Archbishop Welby issued this statement July 15 after his mother’s death:
It’s with profound sadness that I mourn the loss of my mother. I loved her very deeply and it has been a privilege to be her son. I am the person I am in part because of her love, example and encouragement. Our whole family share in the loss of a mother, grandmother and great-grandmother. We are profoundly grateful to God for the gift she has been to us all — for all we received from her, and all she has meant to us. The grief we feel is a measure of the love we have shared. We will treasure the many memories we have of her: memories full of grace, laughter and joy.
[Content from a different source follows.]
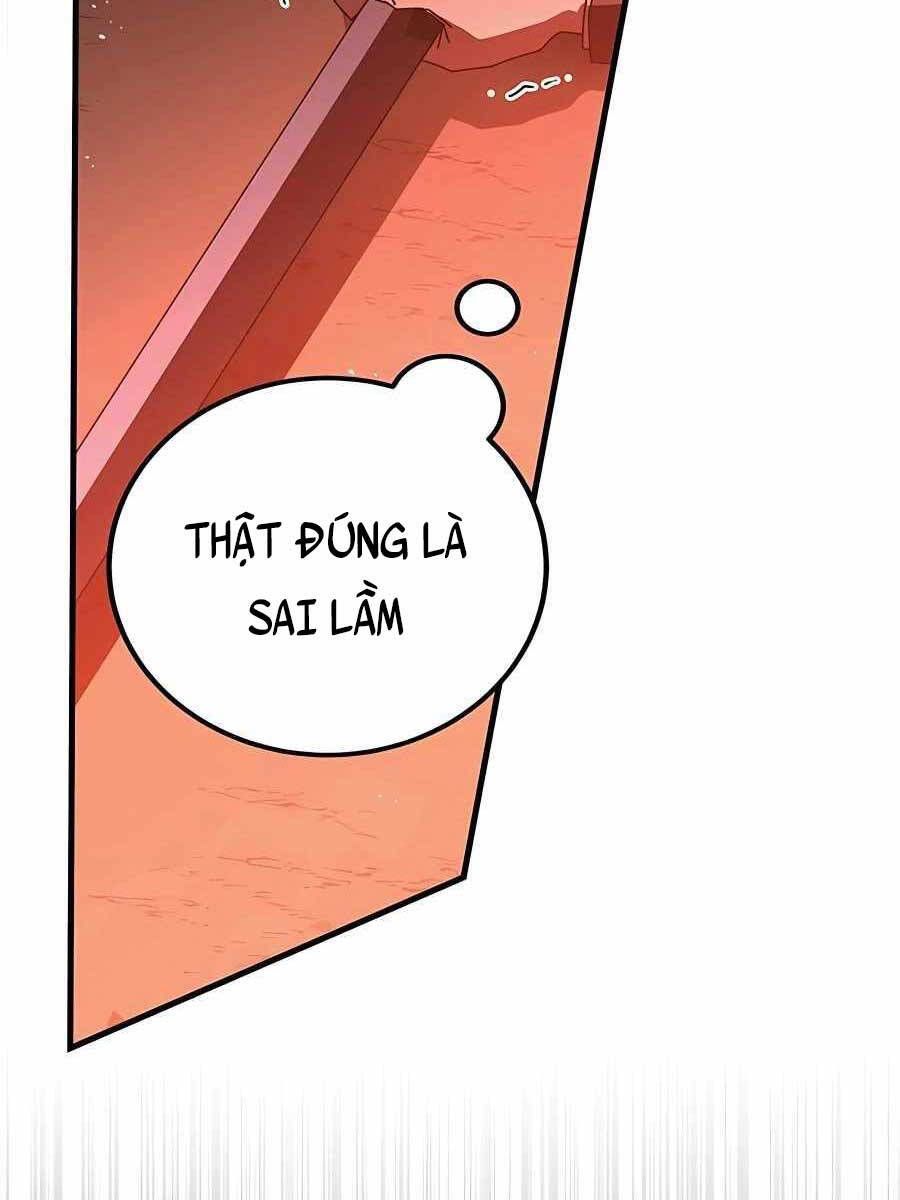 đọc truyện Học Viện Tối Thượng Chương 51.5 ảnh 38 tại Thiên Thai Truyện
My mother had a remarkable life. She was born in India in 1929. During much of World War II she lived with her mother’s brother, R.A. Butler. Her first job in 1949 was working for Winston Churchill, with whom she stayed until 1955. She was one of the last of his personal staff. Later in life, until quite recently she often lectured and spoke about him. She also worked for the Nobel Prize winner, Professor Sir Ernst Chain, at Imperial College London, who, with his family, were very kind to her.
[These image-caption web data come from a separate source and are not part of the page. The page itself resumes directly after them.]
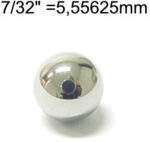 810516-1ae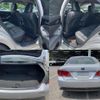 toyota crown-hybrid 2015 quick_quick_DAA-AWS210_AWS210-6085405 image 7
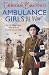 Ambulance Girls At War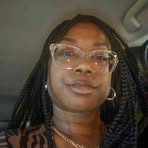 Erin Eubanks - Facebook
My mother lived a full human life, with all its ups and downs. Her story is one of redemption — which she found through faith in Jesus Christ, and loving service to others. In recovery from alcoholism, she helped countless others to know freedom from addiction. She spent many years supporting people to rebuild their lives after leaving prison, professionally as a Probation Officer in Camberwell, then in the National Parole Board, and also as a Prison Visitor. In 1977 she married my stepfather, Lord Williams of Elvel, and it was a happy marriage of over 40 years until his death in 2019. Each step in her journey towards greater fullness of life brought me such joy.
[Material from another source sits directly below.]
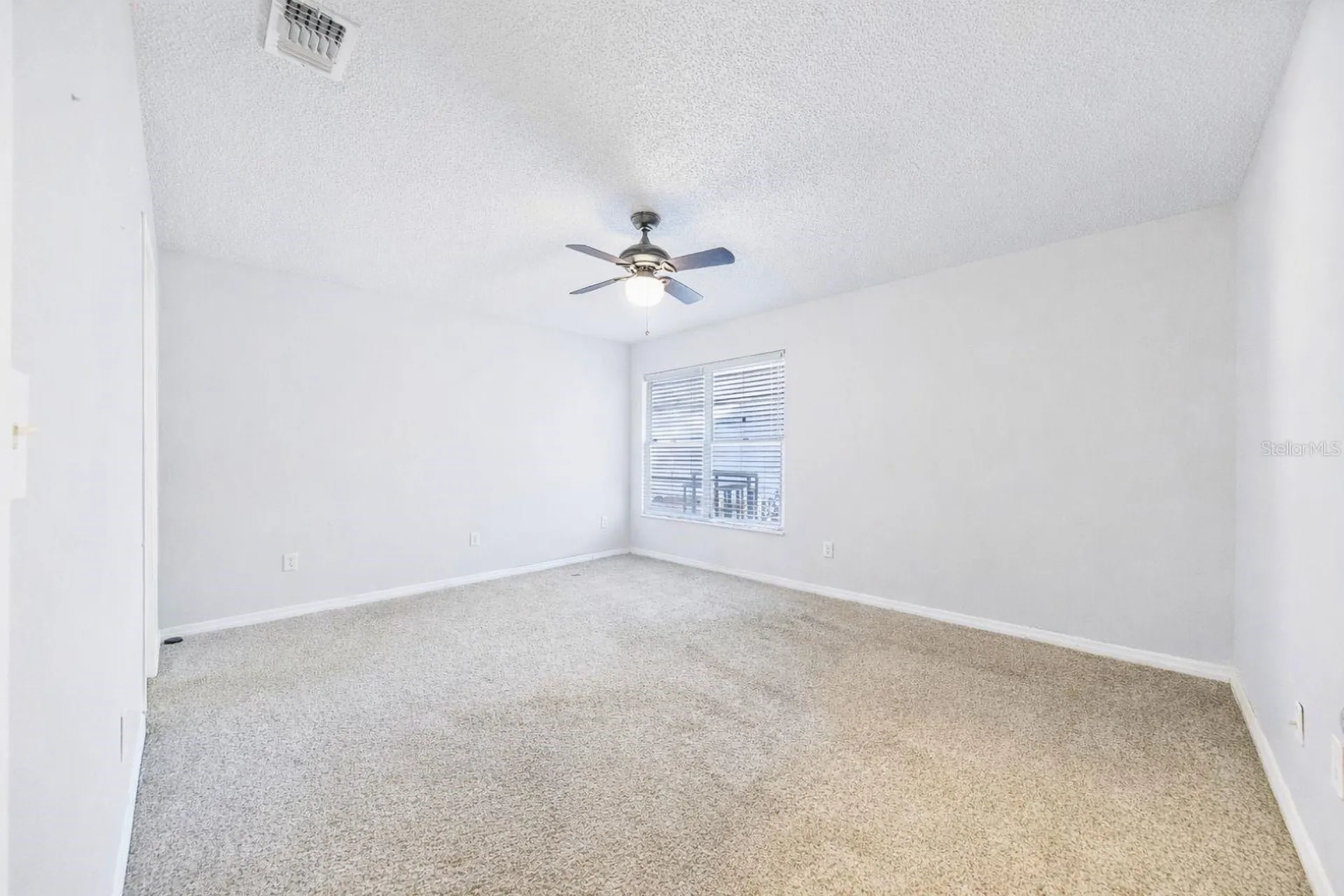 10815 Venice Circle Tampa FL 33635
Towards the end of her life she showed great courage, faith and hope. She knew she would soon be with God. That was a source of strength for her, and for all of us, and her death was peaceful and full of hope. I know that many people will be praying for me and my family at this time and we are deeply grateful. Losing those we love is an experience we all share. But grief is bearable if we bear it together — and we do so knowing the presence of the Good Shepherd who welcomes us into the house of God for evermore.